The president created a list of 25 questions, which he hoped he would answer and in doing so would form the basis for a streamlined process of applications to the Court of Protection.


The case was referred to the Court of Appeal.  The Court had concerns about this list of 25 questions and whether the president had the jurisdiction to hear all of these various cases and answer his list of questions.  In the end the Court decided that he did not have jurisdiction.


One of the questions that the Court of Protection asked was whether the person being deprived of their liberty should be joined as a party to the case, which means that they would have the right to be heard by the Court, either directly or via some carer / advocate / family member etc.  The Court would always join the person where the matter was controversial, as in these circumstances, the Court would always want to hear from the person, but what about in cases that were not controversial or contested?  The Court of Protection, in looking at a streamlined process decided that they didn’t have to be joined, which meant that they still might be, but didn’t have to be.  The Court of Appeal overruled this and said that they should always be joined, because if someone is being deprived of their liberty, they should be involved.  Being deprived of their liberty is what happens when people are convicted of a criminal offence and sent to prison, so to deprive someone of their liberty when they are cognitively impaired is a huge issue and that person should be involved in the process and hence joined as a party.


What has come out of this is a new Court of Protection process, with a new Practise Direction.

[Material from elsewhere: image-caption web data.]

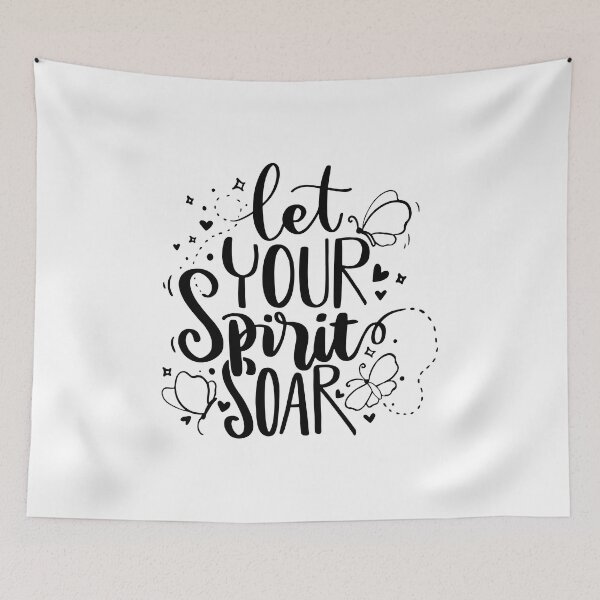 Item preview, Let Your Spirit Soar (black) designed and sold by Daluyong.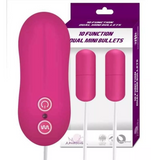 Duo De Balas Vibradoras Con Control 10 Funciones   OMC-388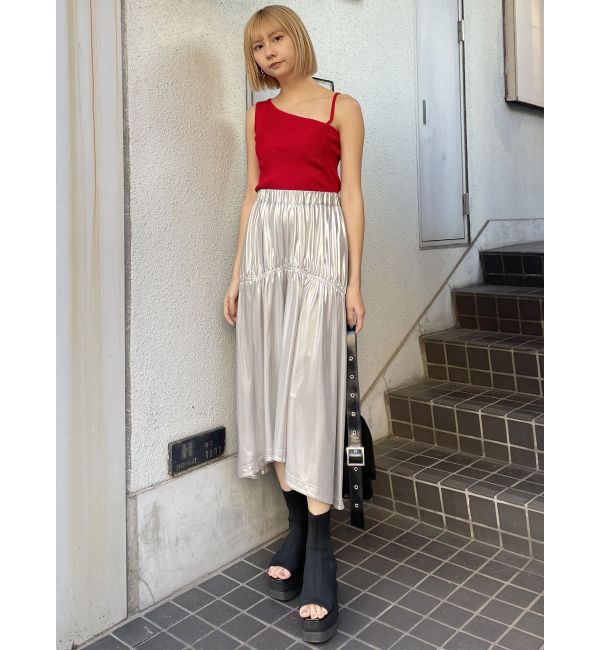 MURUA「ジャガードソックブーツ」|ショートブーツ|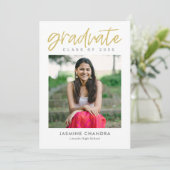 顕著にクール編集可能なカラーの卒業招待状 招待状 (スタンド正面)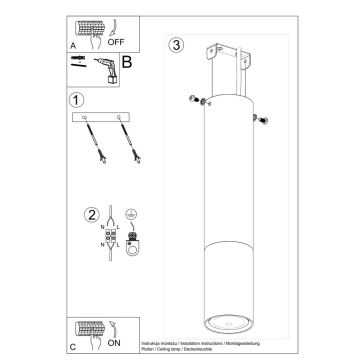 Spotlampe LOOPEZ 1xGU10/10W/230V sort/krom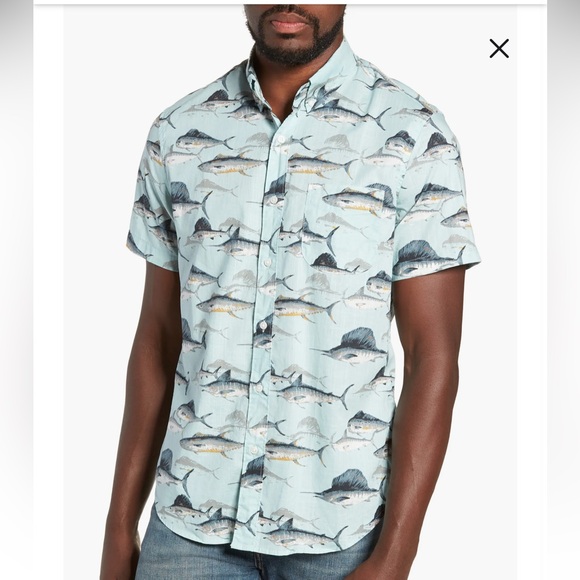 J. Crew Classic fit sailfish button up shirt - Picture 6 of 6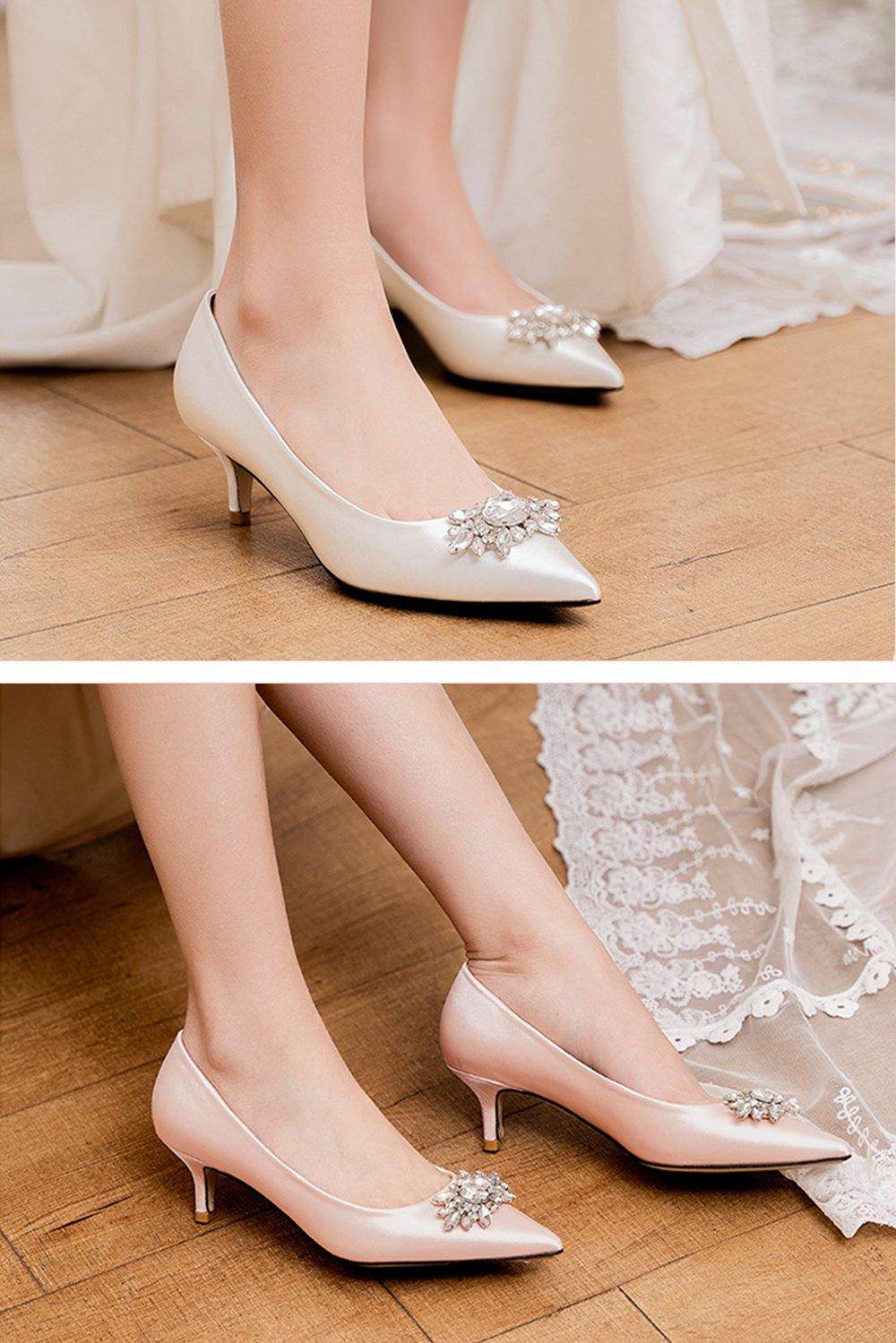 Stiletto Heel 5cm Satin Heels Bridal Shoes CK0109 - COCOMELODY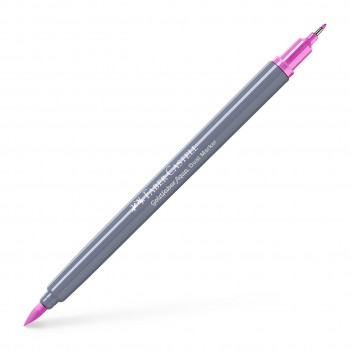Marker solubil 2 capete goldfaber magenta deschis 119 faber-castell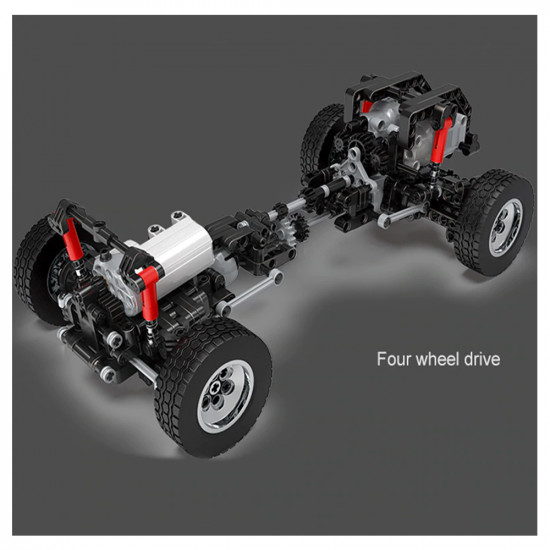 remote controlled 4x4 1770pcs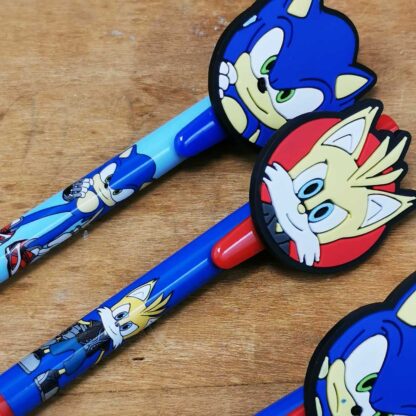 Sonic - Lot de 4 stylos à bille - Sega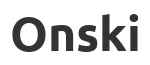 Лыжи Onski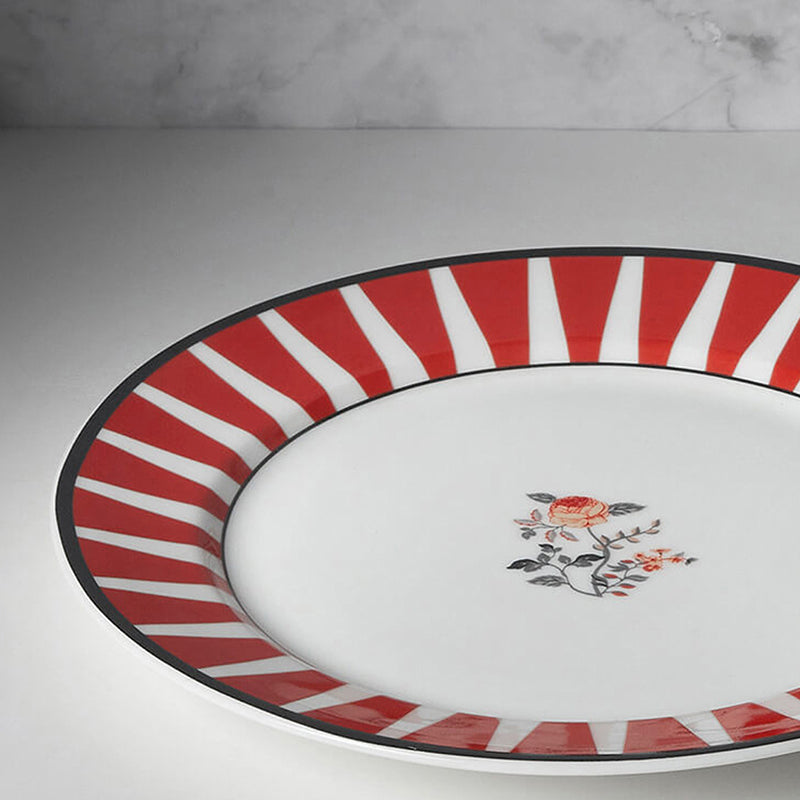 India Circus Scarletta Bone China Dinner Plate image 3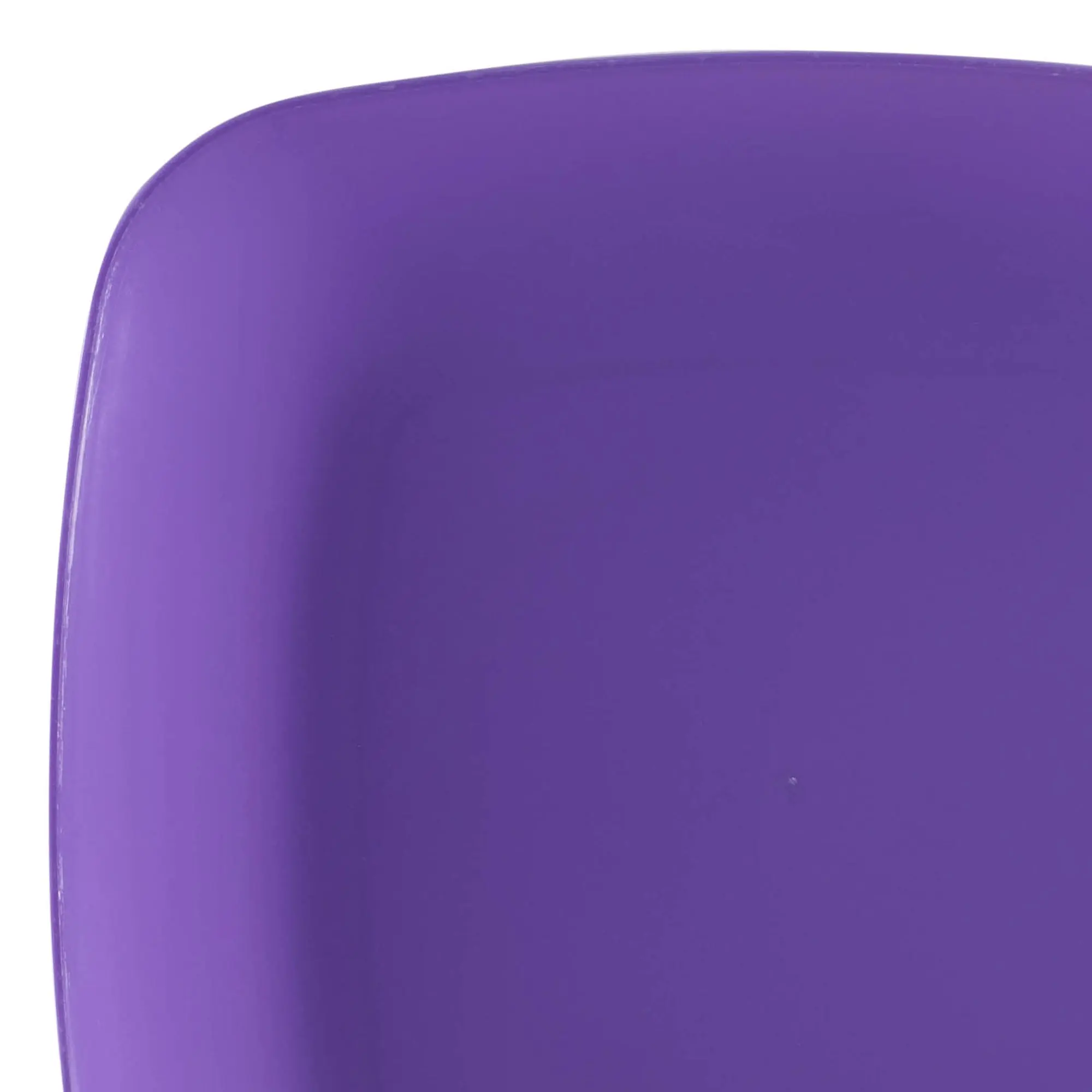 Purple Flat Rounded Square Disposable Plastic Appetizer/Salad Plates (7.25")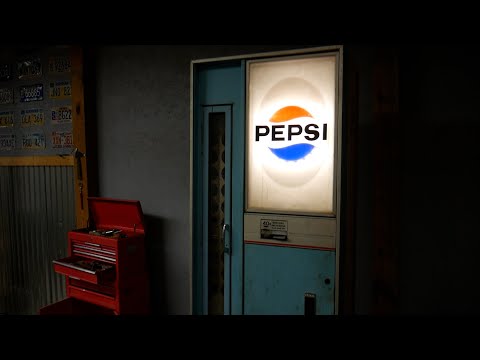 80s ヴィンテージ ペプシ PEPSI パプミラー 時計付き 鏡 動作確認済 150 ビンテージ PEPSI COLA ペプシコーラ 壁掛け時計/1986年
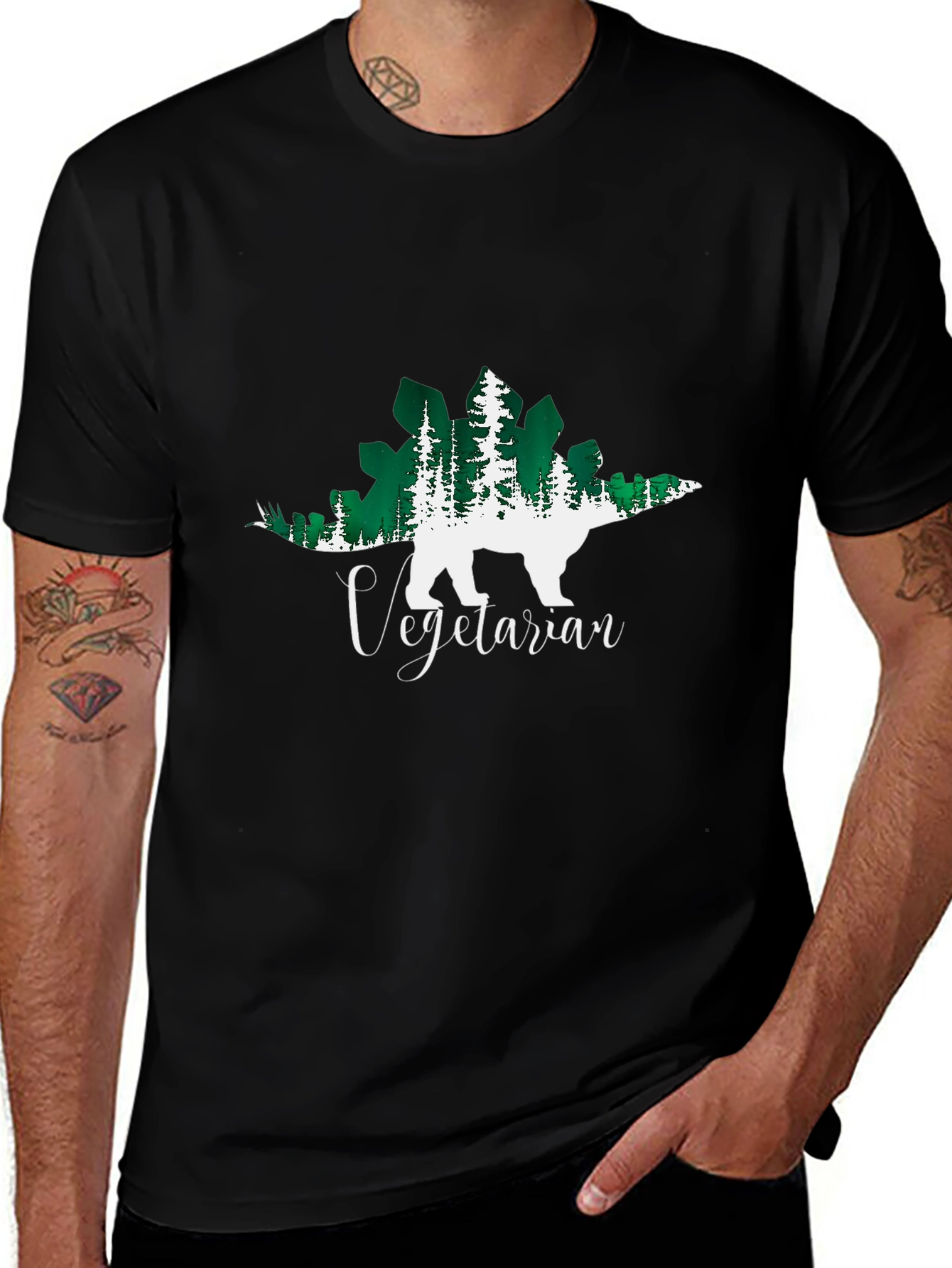 Vegetarian Dinosaur Graphic T-Shirt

There have been lots of cases following Cheshire West, and many have found that a person is not deprived of their liberty, but as the Supreme Court is the highest Court, none of these cases have overruled Cheshire West, which therefore stands as case law.


The Law Commission is looking at the whole issue of deprivation of liberty and has said that it is “deeply flawed”!  One of the ways in which it is intended to reform it is to change the name to “Protective Care”, which sounds so much more appealing than Deprivation of Liberty!


During the process of reform, the Law Commission undertook a consultation process, which is now closed and a final report and draft bill are due to be released in December 2016.